“You know,” he said, “there are a lot of fishermen around here who invest great stock in the idea of holy stones protecting their boats? They tie them to nails hammered into the bows, near the gunwale. It is believed these stones ward off the approach of witches, or witch-directed spirits. Those that decide not to tie a stone to their vessel, or do not position it carefully, might not land as many fish. If they’re lucky. If they’re unlucky? Well, there are a lot of wrecks in these waters. A lot of unrecovered fishermen swaying in time to those deep ocean currents.”
Something flopped over the lip of one of the baskets. Long, spiny feelers, or, God forbid, fingers. As far removed from human as you could pray for. They clacked together, stiff but with some yield to them, and they were wet with some kind of slime, like the thick, bubbled spit worked up within the maws of crabs or lobsters. Mr. Gluckmann slapped at them with his hand and they retreated.
“How is your house-hunting going?” I asked. All of the baskets were rattling now—I saw movement within each one. Some were being stretched as whatever squirmed inside extended itself. The membrane thinned, whitening as claw or pincer or tooth became embossed against it.
Mr. Gluckmann rubbed at his cheek and the layers of flab there shivered. I wouldn’t have been surprised, had he teased them open, to see a set of gills arranged across the flesh. “We walk among you now,” he said. “It has been so long.”
Behind him the sea began to boil. I forced myself to look away, certain that my meagre faculties would not be able to cope with the sight of the thing—beyond massive—that could cause such a churning. I pulled the stone from my pocket and Mr. Gluckmann began to jangle and jerk like a marionette. Those baskets—those
A shadow fell across the world, and the odour of something unimaginably old hit me like a wall. I felt the coil and slither of gigantic tentacles test my limbs from all angles. And slowly, inexorably, I was drawn towards the sea. At my back I felt the heat of jaws I refused to countenance.

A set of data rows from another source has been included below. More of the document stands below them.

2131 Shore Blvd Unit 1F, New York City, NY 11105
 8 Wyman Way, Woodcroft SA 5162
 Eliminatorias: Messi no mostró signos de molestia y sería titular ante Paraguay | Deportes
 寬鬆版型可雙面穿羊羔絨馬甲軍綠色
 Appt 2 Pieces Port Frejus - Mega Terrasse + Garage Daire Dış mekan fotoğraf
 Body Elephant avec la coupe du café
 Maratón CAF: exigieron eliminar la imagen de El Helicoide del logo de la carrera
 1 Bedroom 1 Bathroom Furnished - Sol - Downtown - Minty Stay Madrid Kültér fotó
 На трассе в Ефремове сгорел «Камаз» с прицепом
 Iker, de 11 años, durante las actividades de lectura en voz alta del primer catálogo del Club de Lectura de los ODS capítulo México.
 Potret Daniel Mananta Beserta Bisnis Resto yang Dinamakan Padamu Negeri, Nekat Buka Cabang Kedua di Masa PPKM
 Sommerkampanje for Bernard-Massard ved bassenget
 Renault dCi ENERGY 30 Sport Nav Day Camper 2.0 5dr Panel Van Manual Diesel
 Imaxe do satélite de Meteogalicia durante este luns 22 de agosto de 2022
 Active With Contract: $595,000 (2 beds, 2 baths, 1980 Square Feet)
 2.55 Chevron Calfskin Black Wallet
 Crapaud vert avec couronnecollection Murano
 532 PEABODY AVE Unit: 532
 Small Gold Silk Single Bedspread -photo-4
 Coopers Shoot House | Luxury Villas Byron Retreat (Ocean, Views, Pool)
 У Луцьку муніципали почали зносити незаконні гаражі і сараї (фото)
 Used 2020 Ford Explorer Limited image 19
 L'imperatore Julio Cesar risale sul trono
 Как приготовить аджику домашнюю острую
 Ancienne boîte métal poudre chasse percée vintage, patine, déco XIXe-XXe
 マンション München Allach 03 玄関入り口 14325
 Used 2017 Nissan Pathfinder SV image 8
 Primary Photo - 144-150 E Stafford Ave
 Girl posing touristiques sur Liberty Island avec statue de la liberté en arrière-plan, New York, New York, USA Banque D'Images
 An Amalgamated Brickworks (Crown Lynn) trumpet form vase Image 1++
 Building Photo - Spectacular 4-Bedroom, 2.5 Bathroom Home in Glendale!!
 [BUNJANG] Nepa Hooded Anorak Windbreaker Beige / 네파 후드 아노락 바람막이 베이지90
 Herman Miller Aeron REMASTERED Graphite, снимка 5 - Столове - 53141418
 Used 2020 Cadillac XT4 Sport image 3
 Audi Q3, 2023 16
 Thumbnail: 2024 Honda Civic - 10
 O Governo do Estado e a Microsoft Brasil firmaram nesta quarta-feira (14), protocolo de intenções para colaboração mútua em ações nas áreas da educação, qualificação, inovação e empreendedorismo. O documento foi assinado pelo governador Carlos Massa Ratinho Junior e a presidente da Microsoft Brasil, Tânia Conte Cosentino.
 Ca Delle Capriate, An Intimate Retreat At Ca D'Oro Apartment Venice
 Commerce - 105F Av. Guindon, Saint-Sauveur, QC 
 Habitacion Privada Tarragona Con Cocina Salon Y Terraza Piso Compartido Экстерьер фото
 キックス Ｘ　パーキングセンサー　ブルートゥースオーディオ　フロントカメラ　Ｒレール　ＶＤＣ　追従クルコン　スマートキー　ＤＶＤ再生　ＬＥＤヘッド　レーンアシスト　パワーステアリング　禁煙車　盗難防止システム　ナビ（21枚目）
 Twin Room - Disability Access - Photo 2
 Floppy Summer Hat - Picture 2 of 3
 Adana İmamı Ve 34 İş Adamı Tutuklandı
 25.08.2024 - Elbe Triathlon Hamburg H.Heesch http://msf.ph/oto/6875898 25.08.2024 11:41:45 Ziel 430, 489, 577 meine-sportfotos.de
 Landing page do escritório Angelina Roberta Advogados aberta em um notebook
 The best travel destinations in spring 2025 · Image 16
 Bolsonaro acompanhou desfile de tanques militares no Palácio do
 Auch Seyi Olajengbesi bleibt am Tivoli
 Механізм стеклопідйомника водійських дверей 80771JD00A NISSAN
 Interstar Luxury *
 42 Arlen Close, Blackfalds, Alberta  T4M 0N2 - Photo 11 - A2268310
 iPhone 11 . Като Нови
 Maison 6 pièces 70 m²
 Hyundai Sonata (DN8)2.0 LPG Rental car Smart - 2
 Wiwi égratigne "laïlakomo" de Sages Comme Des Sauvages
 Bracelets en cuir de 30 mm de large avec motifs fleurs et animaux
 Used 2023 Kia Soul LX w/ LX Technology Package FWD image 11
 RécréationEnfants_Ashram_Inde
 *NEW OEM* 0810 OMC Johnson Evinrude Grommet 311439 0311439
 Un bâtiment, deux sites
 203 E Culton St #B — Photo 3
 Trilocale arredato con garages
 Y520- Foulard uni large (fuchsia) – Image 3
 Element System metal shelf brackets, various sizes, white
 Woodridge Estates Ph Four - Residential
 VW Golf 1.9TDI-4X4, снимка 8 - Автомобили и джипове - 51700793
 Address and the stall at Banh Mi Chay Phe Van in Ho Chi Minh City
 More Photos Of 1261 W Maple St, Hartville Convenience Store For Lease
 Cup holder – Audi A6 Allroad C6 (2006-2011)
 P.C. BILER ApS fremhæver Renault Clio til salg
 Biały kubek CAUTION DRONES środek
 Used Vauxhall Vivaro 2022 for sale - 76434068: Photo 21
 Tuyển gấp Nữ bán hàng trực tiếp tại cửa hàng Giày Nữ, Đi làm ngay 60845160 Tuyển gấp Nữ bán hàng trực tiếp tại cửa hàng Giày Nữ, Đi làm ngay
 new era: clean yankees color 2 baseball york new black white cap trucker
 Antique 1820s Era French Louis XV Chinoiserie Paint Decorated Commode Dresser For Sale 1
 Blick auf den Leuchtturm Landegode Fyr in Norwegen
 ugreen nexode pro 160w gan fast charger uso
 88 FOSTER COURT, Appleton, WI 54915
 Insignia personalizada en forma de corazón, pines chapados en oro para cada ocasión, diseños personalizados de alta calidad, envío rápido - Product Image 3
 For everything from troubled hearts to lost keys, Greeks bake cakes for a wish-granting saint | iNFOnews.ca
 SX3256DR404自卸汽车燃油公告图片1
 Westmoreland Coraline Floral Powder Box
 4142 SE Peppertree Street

The last thing I saw was Mr. Gluckmann carrying his crowning babies as he waddled towards the town and its unsuspecting population. “You are no threat to us,” he said, “damned as you are by the cage of your own mortality.”
* * *
Somehow I had become tangled in the blankets and sheets that formed my temporary bed. I was hot and sweaty, the stone in my hand threatening to slip from my grasp. It took a moment to orient myself, but in the end I was just glad to be anywhere other than in the grip of some terrible, benthic creature eager on adding me to the contents of its belly.
What a nightmare. The most horrible, the most vivid I have ever encountered in my three score years and ten.
What was worse was that only two hours had gone by since deciding to go to bed. Muscles aching, but sleep now as likely as Clarissa’s return, I padded to the kitchen and set about making myself a mug of hot milk.
The weather remained squally—spits of rain (or maybe even fragments of shingle and surf tossed up by the tantrum winds) clattered against the windows. I shrugged on my coat and, hot drink in hand, unbolted the door.
It was piercingly cold; within seconds my milk had been cooled to a drinkable temperature.
I shuddered. What was that dream all about? Some weird idea, fuelled by too much red wine and seafood, of a world being gradually overtaken by an army of amphibious Mr. Gluckmanns? Utterly preposterous, yet I felt vaguely proud of the breadth of my imagination. Surely my ongoing fear of dementia was a long way off yet.
I thought about the object I’d found in the cave. That weird, fishy book, if it could be called such a thing. I found myself thinking I was lucky to have thrown it back to the sea. It seemed unthinkable now that I might have taken it for good.
At the hatch in the gate I peered down towards the causeway and saw, with dismay, that the sea had completely cut me off from the mainland. Waves crashed up against the car park where I had trundled my cycle not twelve hours previously. I eyed that dark stretch feverishly, but there was nothing in it, or of it, that caught my attention. Nor would there be beyond limpets, seaweed and crabs. The most exotic thing found at these latitudes were conger eel and smooth-hound. Perhaps the odd seal.
I set my jaw against the weather and the water and drew an imaginary line under my fear. Come dawn, I would be shot of the place.
Turning back to the promise of warmth, I heard a sound under the racket of the sky and ocean that gave me pause. It sounded like crumbling masonry, but the walls here were sound as far as I could see. Rocks then? Peeling away from the cliff-face under scrutiny from the buffeting wind?